Он говорил с таким наслаждением, с такой детализацией насилия, что это уже не выглядело тактическим планом. Это была фантазия. Грязная, жестокая фантазия о власти и разрушении. Он получал удовольствие от самой картины чужих страданий. Часть молодых охотников, уставших и напуганных, завороженно кивали. Сила Бора, его уверенность, его простая и жестокая логика были для них глотком свежего воздуха в этом удушающем смраде безнадежности.

Гром смотрел на него, и в его душе боролись усталость и гнев. Он видел не воина, предлагающего путь к спасению. Он видел болезнь. Ту самую слепую ярость, которая в итоге всегда оборачивается против своих же.
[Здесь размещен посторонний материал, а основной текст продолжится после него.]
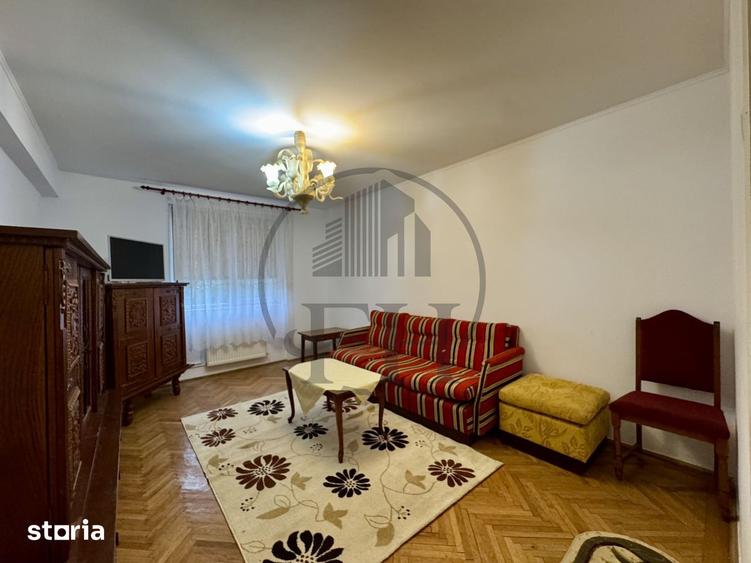 Apartament cu 2 camere, mobilat în Delfinariu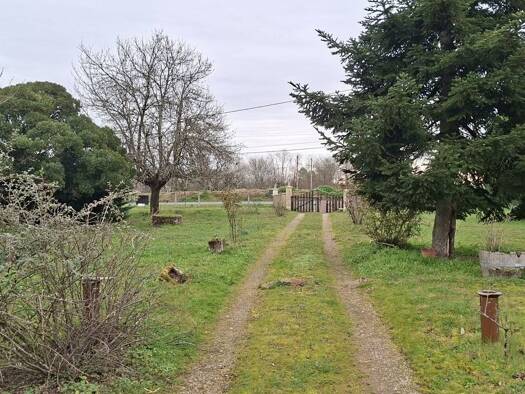 Terrain constructible à vendre 672 000 € 13 688 m² de terrain Sablons 33910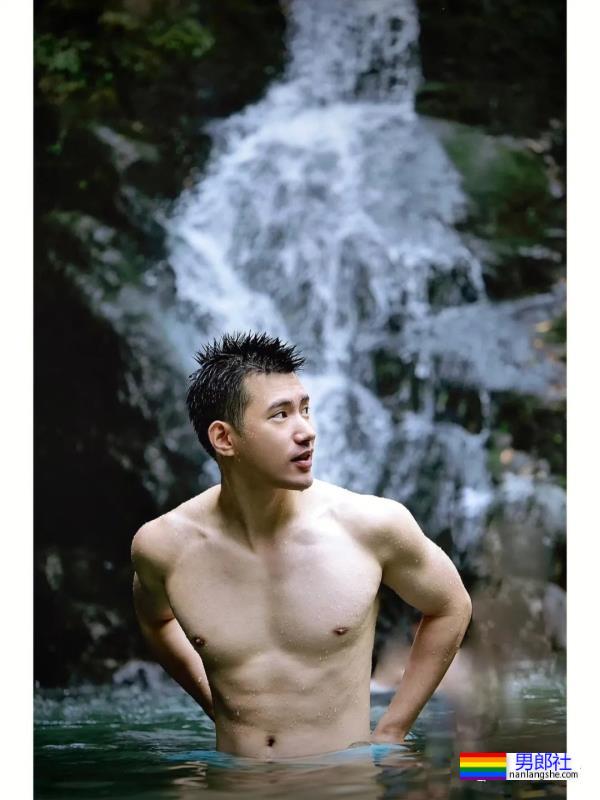 还记得好男儿吴建飞吗?现在变身寸头肌肉爸爸了!-51虹马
Эксперимент 0001 "Семя Мира". Протокол наблюдения за субъектами.

Субъект: Бор. Идентификатор: Воин-оппозиционер.

Зафиксирован всплеск внутригрупповой агрессии. Интенсивность: высокая. Характер: немотивированный, не коррелирующий с тактической целесообразностью предлагаемого плана.

Наблюдается эйфорическая составляющая в описании актов насилия. Биометрическое сканирование: уровень эндорфинов и адреналина аномально высок для стадии планирования, характерен для фазы активного боевого контакта.

Вердикт: Поведенческая аномалия. Не вписывается в модель рациональной борьбы за ресурсы.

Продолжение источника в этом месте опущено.